## PROMPT
Return each entry word for word, without its pictures.
+===+
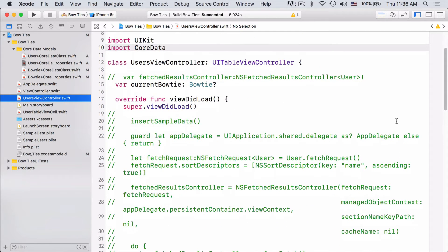Now we can go to UsersViewController.swift and get our user table set up. Here we're going to use a fetched results controller to display all of the users in the table. Then when a user is selected, they'll become the owner of whatever the current bowtie is. Most of the commented out code here should be pretty familiar to you if you've seen the previous videos about fetched results controllers. If not, I encourage you to go back and watch them. But if so, we can go ahead and uncomment this to get our basic table set up.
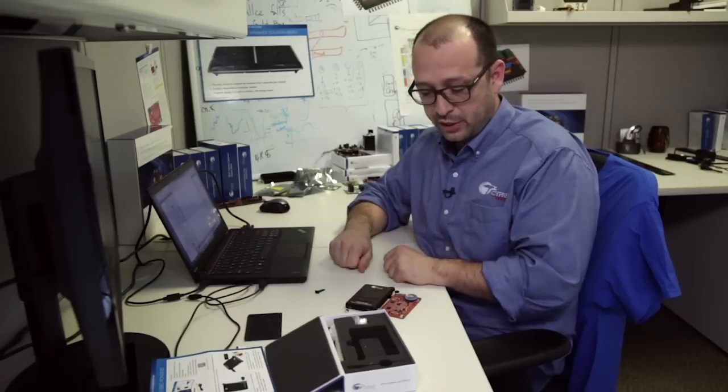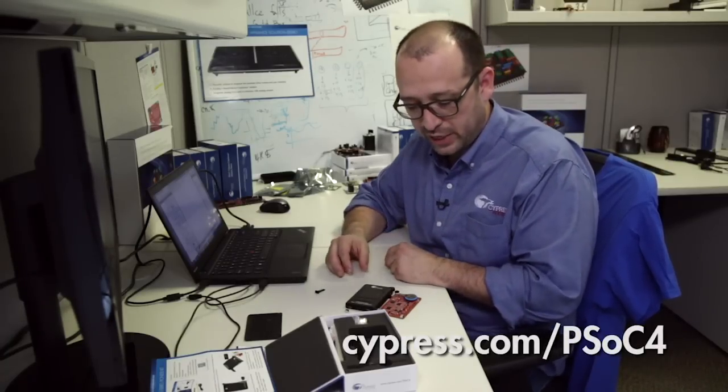So with that said, you can always go to cypress.com/psoc4, get the information of the kit, get some of the user manuals, example code, and make sure you come back to us and share what you do at cypress.com/projects.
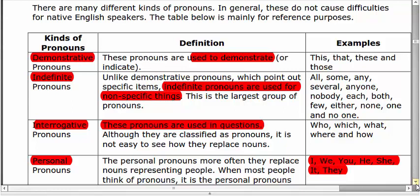Number two is indefinite pronoun. Indefinite pronouns are used for non-specific things, like when we don't know the exact number of objects or things. Examples include some, all, any, nobody, and each.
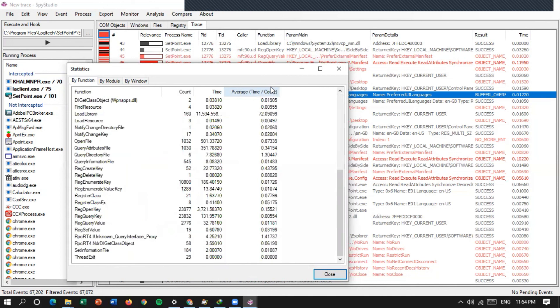Jadi sekian penjelasan dari saya mengenai analisis monitoring API menggunakan SPY Studio. Kurang lebihnya dalam penjelasan saya mohon maaf. Sekian. Wassalamualaikum warahmatullahi wabarakatuh.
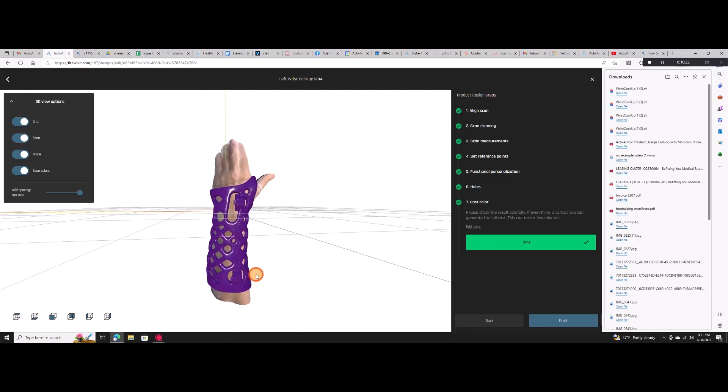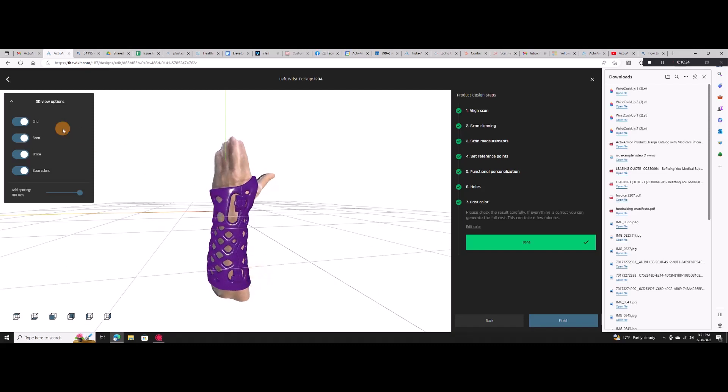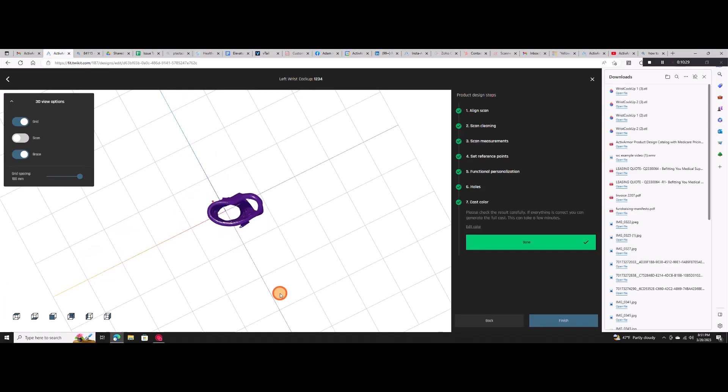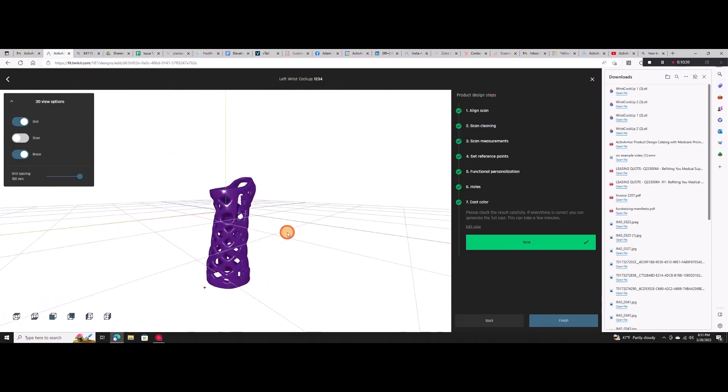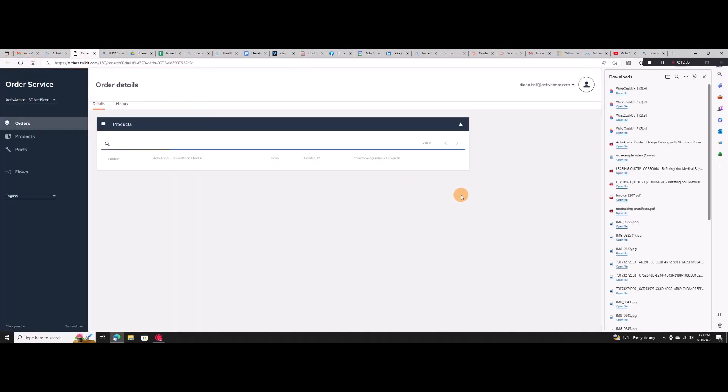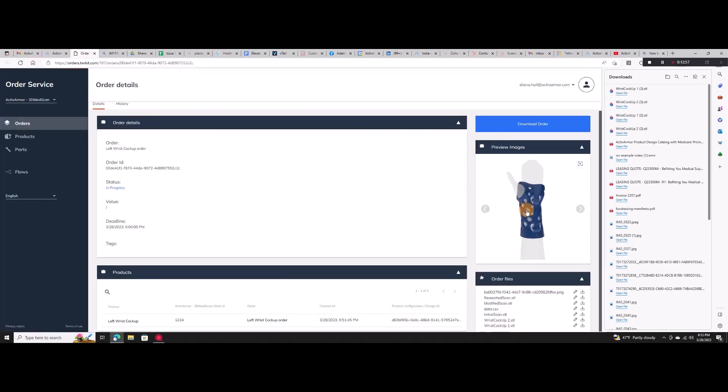Turn off the scan file to see just the cast. When you're happy with the design, select order. In a few minutes your custom cast is ready for download and print.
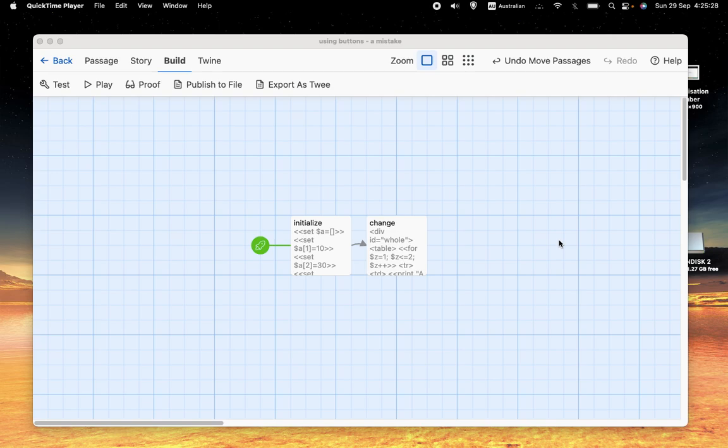Welcome back to Let's Make a Game, a channel about making computer role-playing games using the free program Twine and the Sugarcube format for Twine.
+===+
## RESPONSE BOX
Now we can go to UsersViewController.swift and get our user table set up. Here we're going to use a fetched results controller to display all of the users in the table. Then when a user is selected, they'll become the owner of whatever the current bowtie is. Most of the commented out code here should be pretty familiar to you if you've seen the previous videos about fetched results controllers. If not, I encourage you to go back and watch them. But if so, we can go ahead and uncomment this to get our basic table set up.
So with that said, you can always go to cypress.com/psoc4, get the information of the kit, get some of the user manuals, example code, and make sure you come back to us and share what you do at cypress.com/projects.
Number two is indefinite pronoun. Indefinite pronouns are used for non-specific things, like when we don't know the exact number of objects or things. Examples include some, all, any, nobody, and each.
Jadi sekian penjelasan dari saya mengenai analisis monitoring API menggunakan SPY Studio. Kurang lebihnya dalam penjelasan saya mohon maaf. Sekian. Wassalamualaikum warahmatullahi wabarakatuh.
Turn off the scan file to see just the cast. When you're happy with the design, select order. In a few minutes your custom cast is ready for download and print.
Welcome back to Let's Make a Game, a channel about making computer role-playing games using the free program Twine and the Sugarcube format for Twine.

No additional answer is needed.